Efficacy risk has fully resolved to the downside. The TIGIT class has now failed in PD-L1-high NSCLC (SKYSCRAPER-01 final OS Nov 26, 2024 [4]; KEYVIBE-003 futility Dec 16, 2024 [9]), in ES-SCLC (SKYSCRAPER-02 [5]; KEYVIBE-008 [6]), and in perioperative NSCLC (KEYVIBE-007 [9]). The most likely explanation is that the dual-checkpoint thesis was overweight on translational rationale and underweight on the real biology: exhausted T cells in solid tumors carry many inhibitory receptors simultaneously, and blocking one more checkpoint does not unlock meaningfully more cytotoxic activity beyond what PD-1 blockade already achieves. The biomarker question remains formally open - no validated patient selection strategy has emerged across multiple sponsors with deep biomarker programs - but the practical answer for MK-7684A is moot since the program is wound down. Safety risk is documented: KEYVIBE-008 was halted partly for excess immune-mediated adverse events, the on-target toxicity expected from doubling up checkpoint blockade [6]. Execution risk is no longer prospective - Merck has completed the unenviable task of shutting the program down. Commercial risk is now structural rather than program-specific: with TIGIT eliminated as a Keytruda life-extension lever, Merck's options for post-2028 LOE protection narrow to subcutaneous Keytruda (Keytruda Qlex, FDA approved September 19, 2025 [10]), the Daiichi Sankyo ADC partnership (datopotamab deruxtecan, ifinatamab deruxtecan, raludotatug deruxtecan), the Moderna mRNA-4157 cancer vaccine collaboration, and smaller-molecule plays. The biosimilar threat is real: at least two pembrolizumab biosimilar programs are in late-stage development targeting the 2028 LOE window.

Reclassify from 'watching' to 'closed.' MK-7684A is not a future readout to monitor - it is a closed chapter in immuno-oncology, useful primarily as a negative control for the dual-checkpoint thesis and as a class-level data point on how many shots on goal a target deserves before the field walks away. The investor-relevant question is no longer about vibostolimab. It is about what fills the post-Keytruda gap, with the TIGIT lever permanently off the table.
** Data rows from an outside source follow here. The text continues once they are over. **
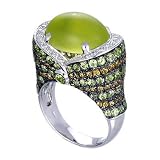 18K White Gold Lemon Quartz, Peridot, Spessartite and Diamond Ring (11.44ctw)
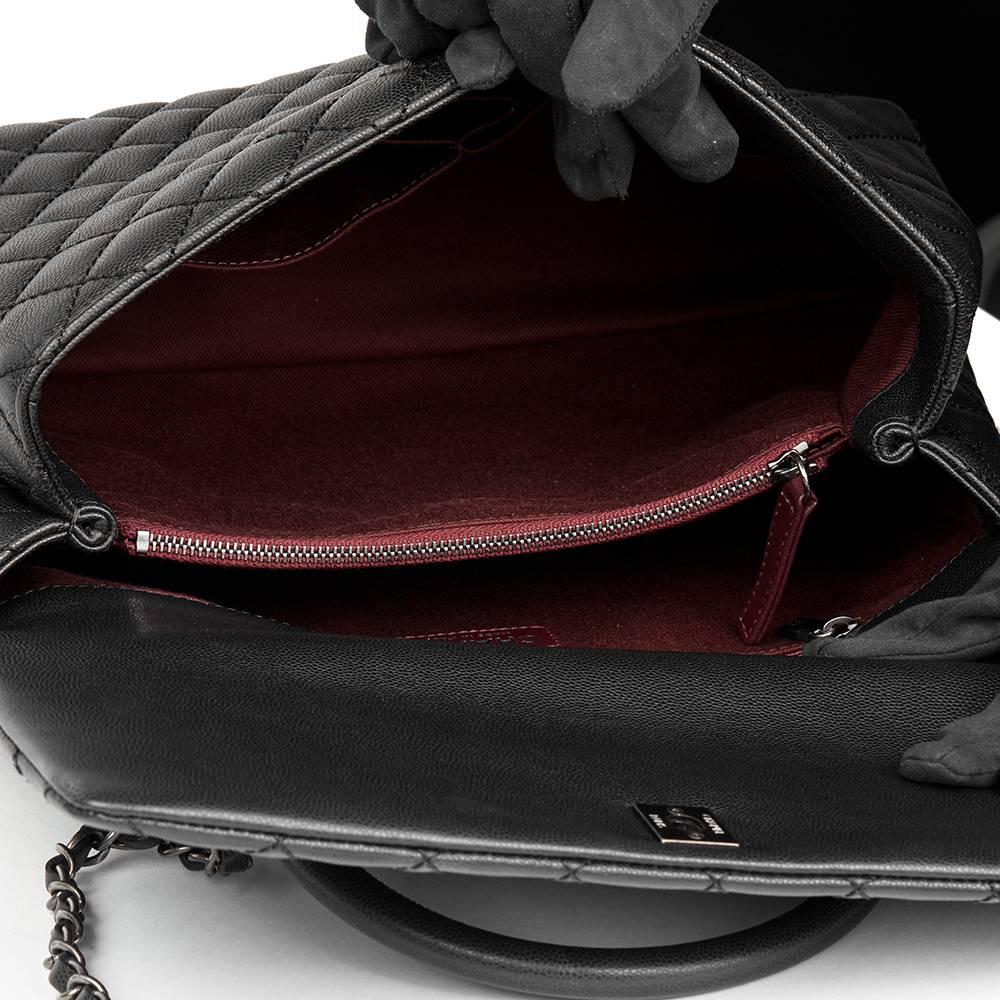 Chanel Black Quilted Caviar Leather Large Coco Handle 3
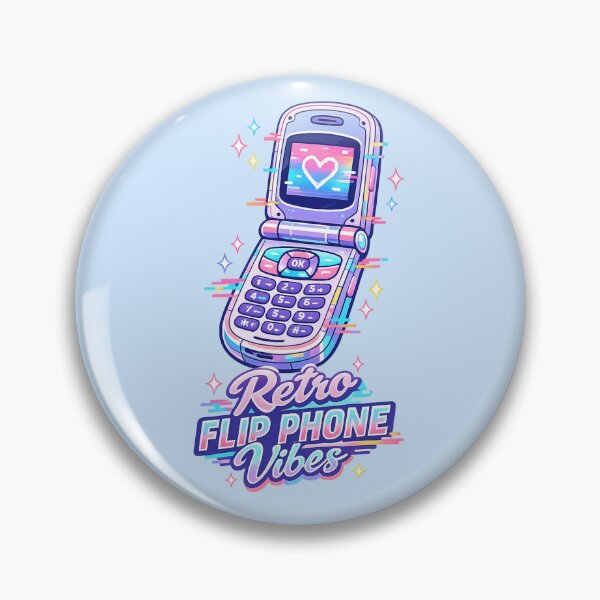 Item preview, Retro Flip Phone Vibes | Y2K Vaporwave Neon Aesthetic Sticker designed and sold by PopCulturePixel.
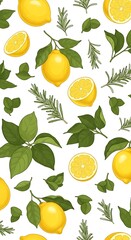 Obraz premium Fresh Lemon Pattern with Leaves.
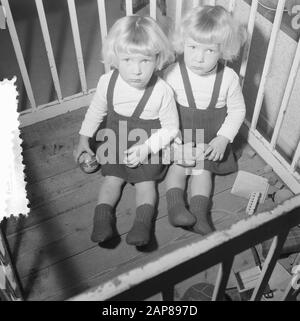 November 8 Siamese twins Folkje en Tjitske de Vries Date: November 1, 1955 Keywords: twins Personal name: Folkje, Vries, Tjitske de Stock Photo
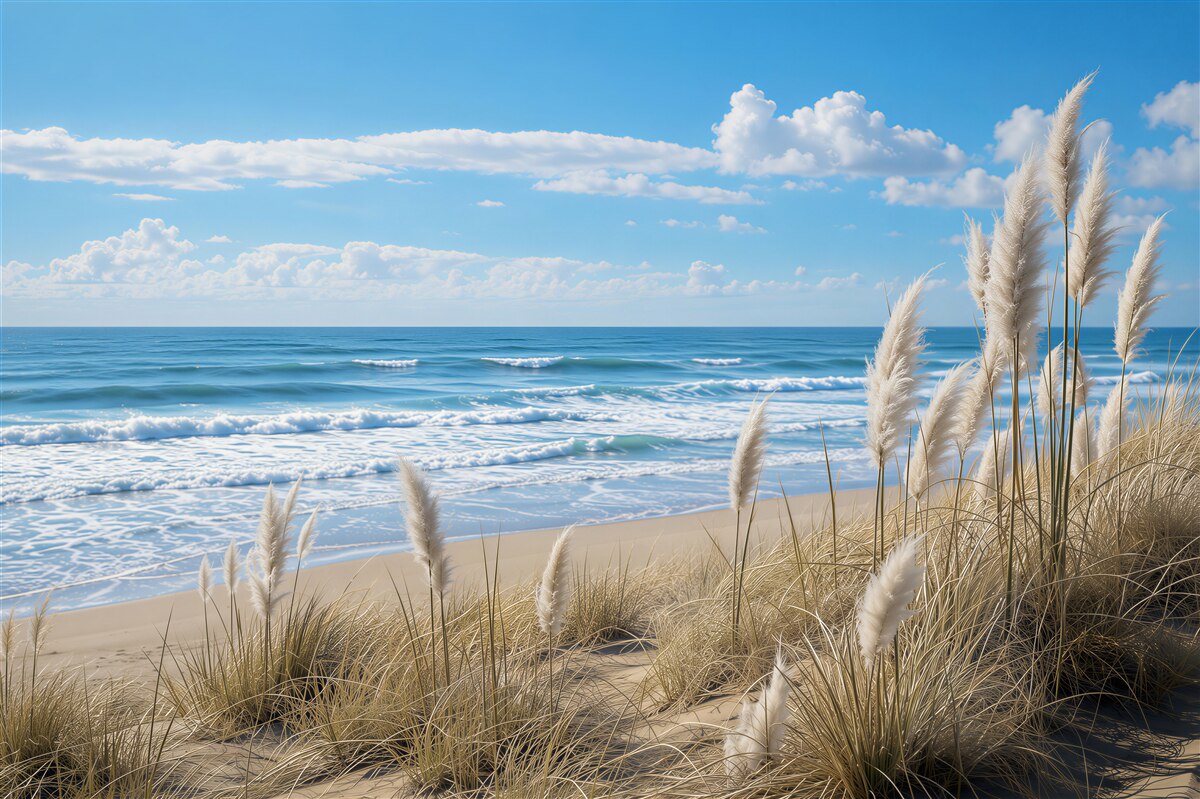 Fotobehang strand met gras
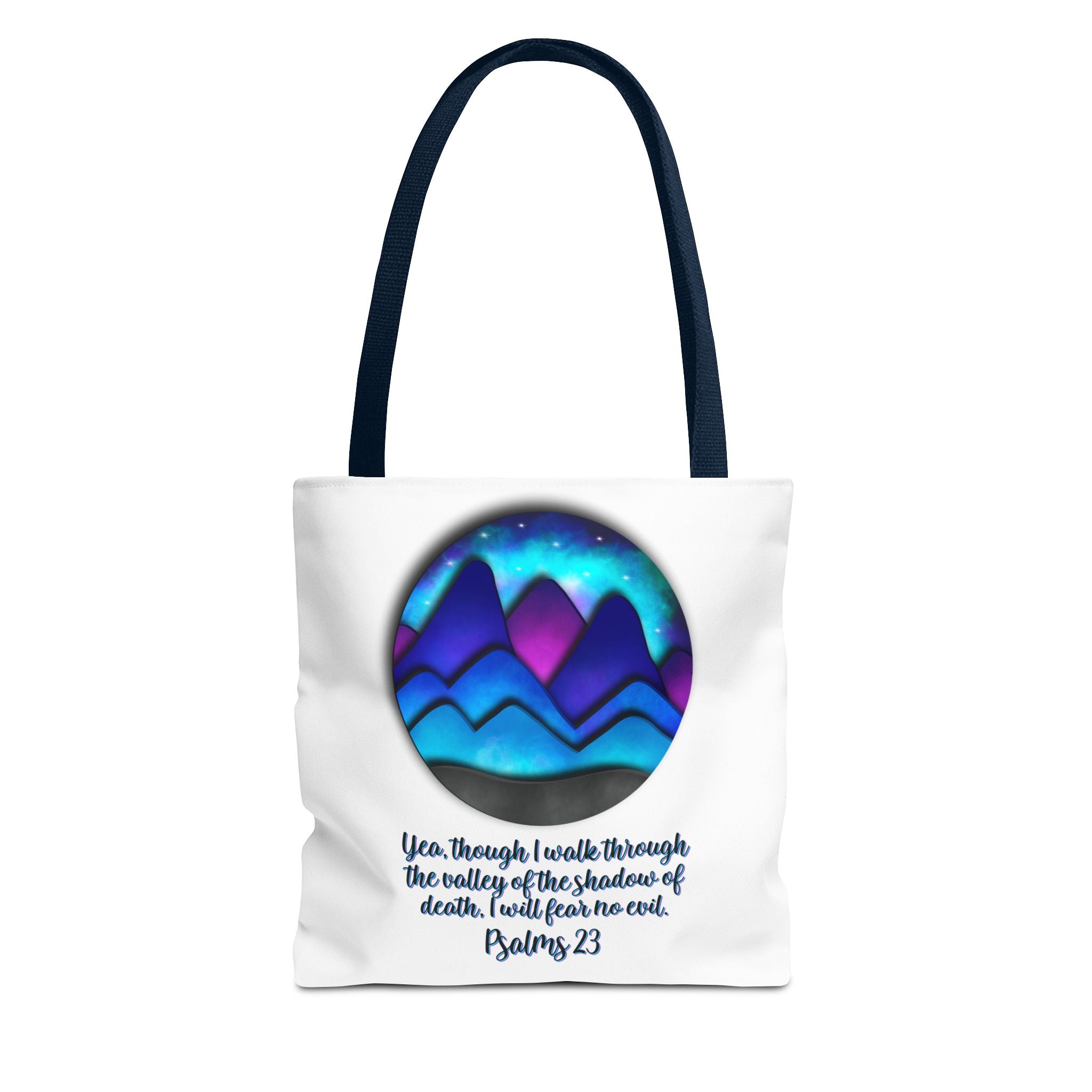 Psalm 23 Mountain Tote Bag — Inspirational Christian Scripture Tote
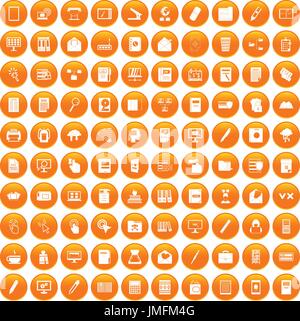 100 folder icons set orange Stock Vector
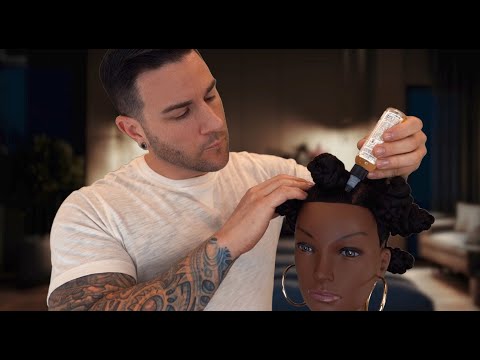 Trying Bantu Knots on Afro Hair w/ Braiding Extensions ASMR | Male Whisper Voice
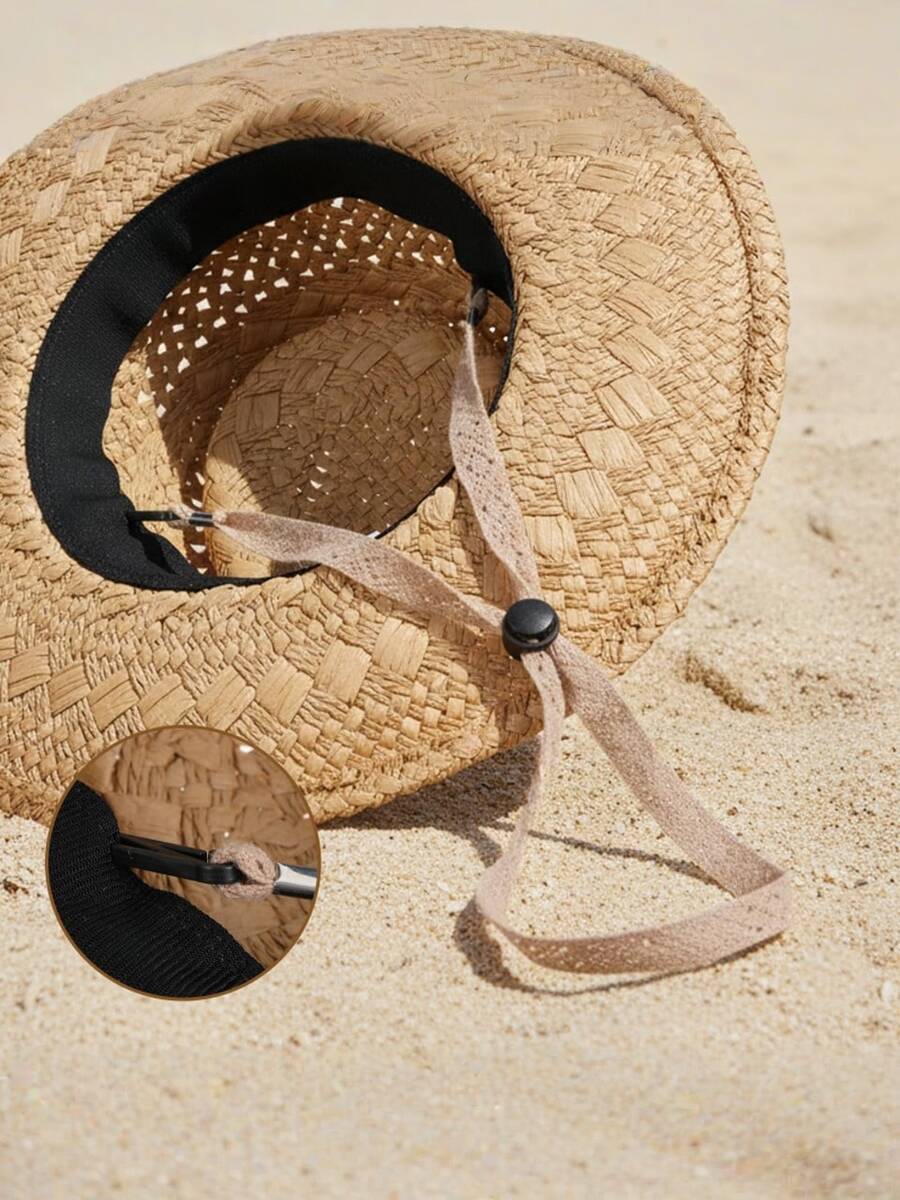 1pc Adjustable Straw Hat Windproof Chin Strap, Hollow Lace Hat Fixing Rope With Double Clips, Anti-Loss Hat Rope, Suitable For Beach Sun Hat, Fishing Bucket Hat, Outdoor Travel Accessories - Multicolor - View 1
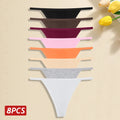 Comfortable Cotton Panties Sexy Low Waist G-String Thong 8Pc Set
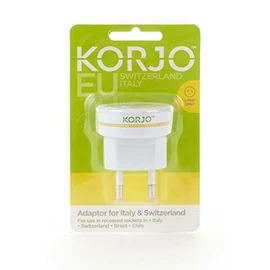 Korjo EU (Italy and Switzerland) Travel Adaptor, for AU/NZ Appliances, use in Europe Including IT, CH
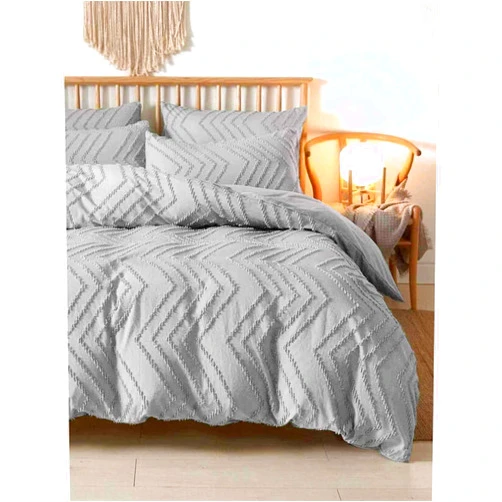 Nanko Light Grey Duvet Cover Queen Size, 3pc Gray Boho Tufted Microfiber Bedding Comforter Cover Set, All Season Aesthetic Shabby Chic Soft Embroidery Textured Geometric Quilt Cover 90x90 inches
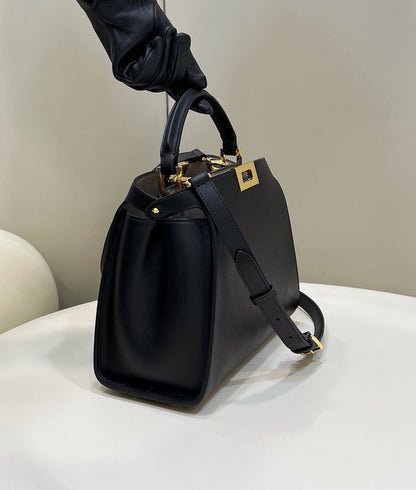 FENDI PEEKABOO 27 IN BLACK CALFSKIN WITH GOLD HARDWARE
The pieces Merck has left: (1) subcutaneous Keytruda (Keytruda Qlex, pembrolizumab + berahyaluronidase alfa-pmph, FDA approved September 19, 2025 [10]) extends the franchise through formulation-based exclusivity and convenience but does not break new ground biologically; (2) the Daiichi Sankyo ADC partnership covers three assets across lung, breast, and other solid tumors with multi-billion-dollar peak-sales potential per asset under analyst consensus, and is now the primary checkpoint-adjacent growth story; (3) earlier-stage bets including mRNA vaccines and bispecifics. Biosimilar entry is the timeline risk: at least two late-stage pembrolizumab biosimilar programs are positioned for the 2028 LOE window, which will compress Keytruda IV revenue regardless of how well Keytruda Qlex defends share. For investors: stop modeling any vibostolimab contribution. Reweight Merck's post-2028 story toward ADCs and subQ formulation defense. The next near-term catalysts to watch are ADC Phase 3 readouts and any Merck pipeline-day disclosures at ASCO 2026 (June) and JPM 2027 (January). No additional vibostolimab readouts are expected; if Merck publishes the failed-trial biomarker analyses, those will be scientifically interesting but not commercially relevant to MK-7684A specifically.